Norddeutsch by nature.
"It´s really friggin´ cold in Lüllau this evening. “It´s brass monkeys out there”, smiles Engels. In a remote corner of the northern part of the wintry Lüneburg Heath rests this cosy country inn called Brookhoff, complete with mill pond and all. The comfy inn has one big advantage tonight: It´s nice and warm inside, the chimney fire is crackling. “Hi, Hansi”, Achim Peters the landlord greets and asks “beer ?”. “Big one, please,” Engels responds, parks his old Rickenbacker guitar at the bar and sits on a bar stool.
This village inn is his pub where he meets local friends and chats about everything under the sun. Once a month he and his musician friend Marius Balan perform here, just two singers and their acoustic guitars, unplugged. During the summers, Hans and his rock band “Park Lane” have already performed outside on an open air stage drawing 600 people or more. The 62-year-old doesn´t do pub crawling through the Hamburg bar scene that often anymore like in the old days when he and his music buddies time and again went clubbing all night long, now he likes the countryside better.
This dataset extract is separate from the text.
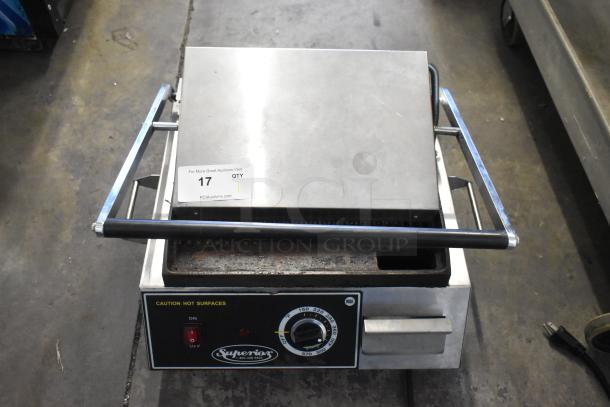 Superior SPGM1 stainless steel commercial panini press, 120V, visible wear, caution label, Superior logo, auction tag no. 17.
Hans Engels´ youth alternates between Germany and England. He grows up bilingually, spends his young days in the Midlands, goes to school in Germany, then back to England, studies economics and English literature in Hamburg and London. In 1972, he finally settles in Hamburg, finishes his studies and becomes a vocational school teacher. Making music remains a hobby but he has always been working as an audio narrator and translator (among others for CORDIAL) because of his fascination with languages and literature. In his youth he learned to play the clarinet but then, in 1967, after seeing ‘The Who’, Jimi Hendrix and ‘The Spencer Davis Group’ at the London Marquee Club, he knew what he really wanted to be: a rock musician and a songwriter."
"His breakthrough as a musician and author, though, he doesn´t owe so much to his musical achievements but to the muscial ‘Yesterday’. In cooperation with the drummer Hein Altenbroxter and always encouraged by his wife Lydia, he wrote this 60s musical about a character called Harry Hansen, a failed rock musician from Hamburg. “The chance to make some dough with a musical was one in a million”, Engels says today – but to his and everybody´s surprise it worked.
Initially, in 1997, ‘Yesterday’ was planned to be staged for only 3 months in the Holstenwall theatre close to Hamburg´s famous St. Pauli quarter. It ran for 12 months, however, became quite a success and 88% of the 300 seats were sold out every night in, all in all, more than 400 shows. An attempt to establish the show in the Berlin ‘Metropol’ theatre didn´t go down as well but, back in Hamburg, in the ‘Delphi Showpalast’, the musical made a triumphant comeback.
For a long time Engels has been using CORDIAL cables. His long-time music buddy Arthur Koll, a tech wizard known as ”King Arthur” in the music business, drew his attention to CORDIAL products. ”The CORDIAL guys have always had a unique edge on their competitors”, he says and leaves Achim´s Brookhoff Inn for the Lüllau cold to smoke one of his Dunhill pipes."